Levi reviewed Notes from underground by Fyodor Dostoevsky
None
5 stars
This book establishes a character type that has come to be used in much fiction, "The Underground Man." I read a hypothesis that every society must necessarily produce underground men.
I've read some disagreements but my understanding of this archetype is, based on my reading of the book: a man/woman who recognizes his depravity in all sorts of actions due to powers of introspection and a commitment to truth, and yet is very willful and unable to simply stop these behaviors, but does not simply ignore or rationalize these (he may sometimes do that but he has lucid moments frequently and these make him miserable). As such he is inherently miserable.

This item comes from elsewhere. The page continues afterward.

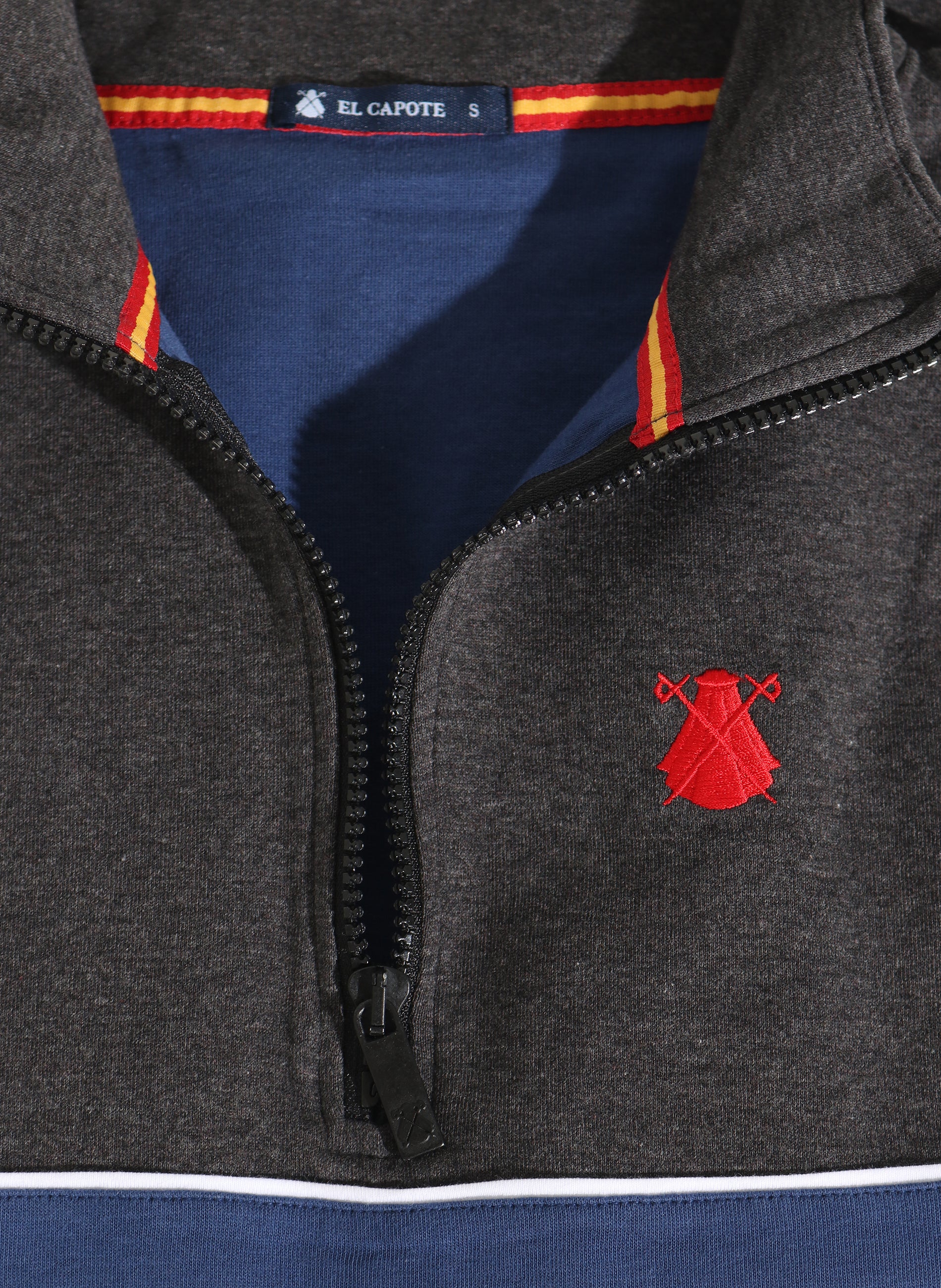 Damen-Sweatshirt mit Reißverschluss am Hals Grau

His main problem is his willfulness. The first half of the book is the protagonist soliloquizing, not so much a story as an essay that includes examples from his life that are little snippets of stories. He uses these examples to argue several points, some of which I think we are meant to not necessarily agree with--I think he is an unreliable narrator, and this becomes even more obvious in the second half of the book--but the main point that he makes in the first half of the book that I find powerful is the idea of willfulness.
Basically, human wilfullness is irrationally wanting to get our will even when it's against our self-interests (money, respect, power, food, sex, etc, the things we naturally want). This observation tears down the idea that if we could only provide all of mankind's physical needs then the world would be a utopia.
The second half of the book, Appropos of Wet Snow, is a story out of his life that shows in more plain relief just how willfull, petty, selfish, the character is. It also shows a lot of great insights into social status problems.
I loved this book, it was a quick read actually, surpisingly, and a great delve into character and questions of human nature.